Себастьян Жапризо - Убийственное лето
Он говорит: «Я вас слушаю», идет ко мне навстречу. Сердце мое бьется еще громче, чем когда я увидела Туре. Я уже понимаю, с ним будет особенно трудно справиться. Он выше Пинг-Понга, грузный. В рубашке с приспущенным галстуком. Голубые глаза похожи на мои, но я знаю, что это ничего не доказывает, мои глаза – материнские, я их получила от нее. Немного хрипло я произношу: «Вы господин Лебаллек? Извините. Я, вероятно, сниму квартиру у вашего шурина. Я учительница». Он молчит, а я с усилием стараюсь проглотить комок в горле. Это он вел грузовик. Был в куртке. Если мать описала точно, ему сейчас лет пятьдесят. И продолжаю: «Я хочу узнать, во что мне обойдутся книжные полки. У меня четырнадцать тонн книг». Сперва, не понимая, он хмурится, а потом до него доходит, что я шучу, и отвечает: «Я не столярничаю. Продать вам доски я могу, но не больше».
Стоим молча целую вечность, у меня очень разочарованный вид. Наконец он произносит: «Я знаю, к кому вам обратиться». И идет в пристройку. Я за ним. Его походка, лицо – само спокойствие. Я знаю: это он первым ударил мою мать. В тот день он был самым спокойным. И, не раздумывая, ударил ее, надолго оставил след.

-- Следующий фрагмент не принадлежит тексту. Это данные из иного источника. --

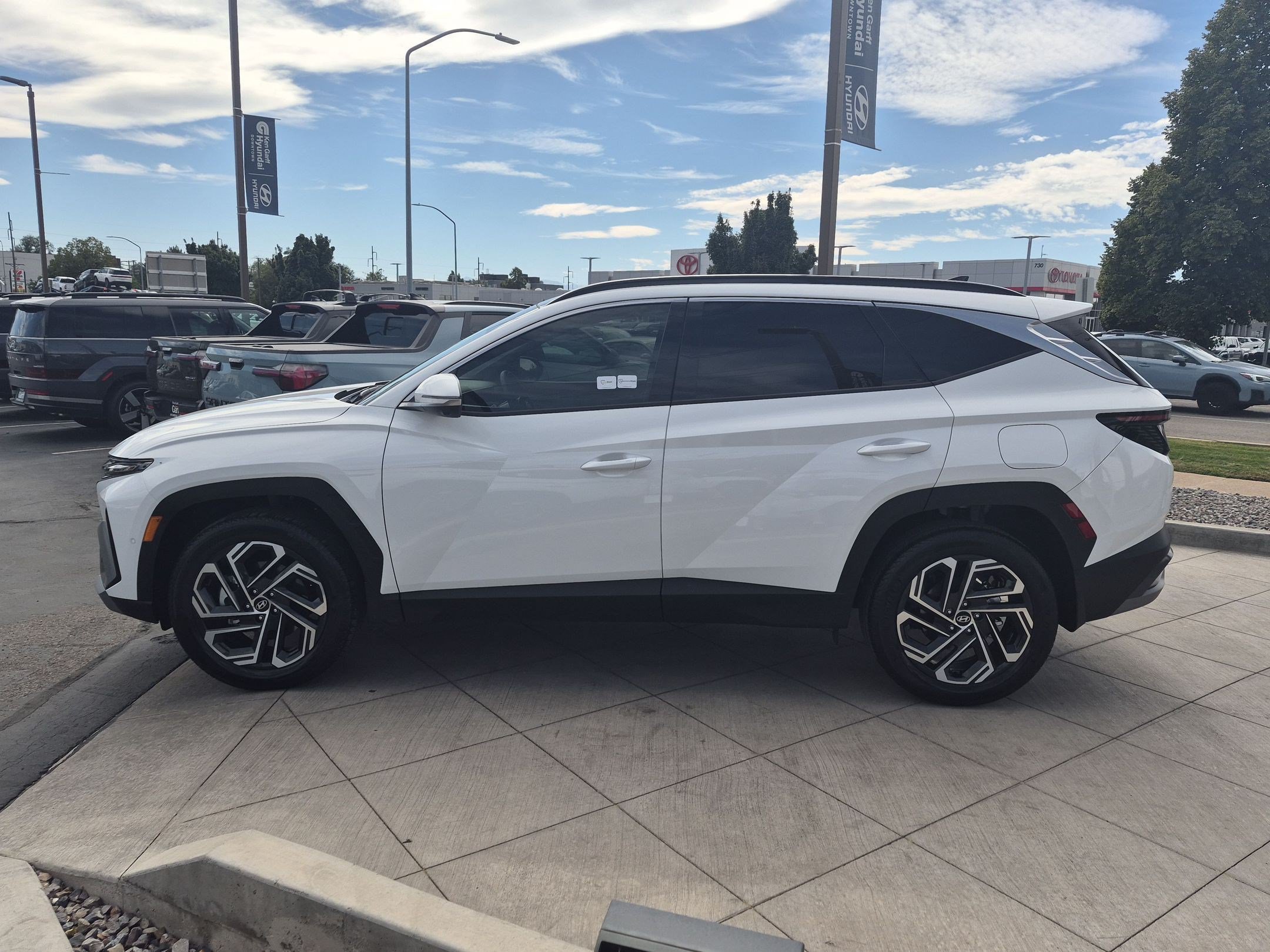 Certified 2026 Hyundai Tucson Limited AWD/4WD image 9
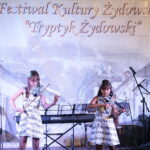 08.09.2019. Chęciny. 28. Festiwal Kultury Żydowskiej. Występ skrzypaczek Anny Wieleńskiej i Martyny Długosz / Wiktor Taszłow / Radio Kielce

Он дает визитную карточку, на обороте фломастером усердным, почти детским почерком написан адрес. Даже у меня почерк лучше. Руки у него толще, чем у Туре, но и весь он крупней. Обручальное кольцо вжалось в палец. Похоже, не снять. Он спрашивает: «Что за квартира?» Я отвечаю: «На улице Юбак». Мне трудно смотреть ему в лицо. Глаза у него спокойные, злобы ничуть. Вот у Туре они тяжелые и колючие, даже когда он прикидывается свойским парнем, показывая тухлой учительнице сказочные шкафы. Покачав головой, Лебаллек произносит: «Понятно. Вся ваша библиотека туда не влезет. Лучше всего купить готовые полки в „Новой Галерее“. И идет к двери, давая понять, что мне пора сматываться. Я же, если чего-то не хочу понять, могу затянуть разговор надолго, хотя меня и ждет такси. Рассматривая свои накладные ногти и прислонившись к столу, с неловким видом бросаю: „Я еще не уверена, что сниму ту квартирку. Я сказала вашему шурину, что она дороговата для меня“. Хотя тут и говорить нечего, он произносит: „Это его хозяйство. Договаривайтесь с ним. Чем меньше меня касаются дела шурина, тем лучше я себя чувствую“. Теперь он уже идет в мастерскую, и мне приходится не отставать.
Во дворе протягиваю ему руку, и он жмет ее. Я говорю: «В любом случае спасибо». Он спрашивает: «Сколько вам лет?» Я прибавляю два года. «И вы уже учительница?» Я читаю в его глазах, что так же похожа на учительницу, как он – на папу римского. Секунду подумав, с улыбкой отвечаю, глядя ему прямо в глаза: «Приходите повесить мне полки, и вы убедитесь». В моем взгляде столько небрежности, сколько надо, чтобы он поверил, и ровно столько, чтоб ему начать думать про разные разности. Затем направляюсь к воротам. Заходящее солнце слепит. Я невольно оборачиваюсь. Он стоит на том же месте – крупный, грузный – и не отводит глаз. Я знаю, что упряма, что все будет именно так, как я решила, как обдумывала день за днем в течение пяти лет. А он не отводит глаз.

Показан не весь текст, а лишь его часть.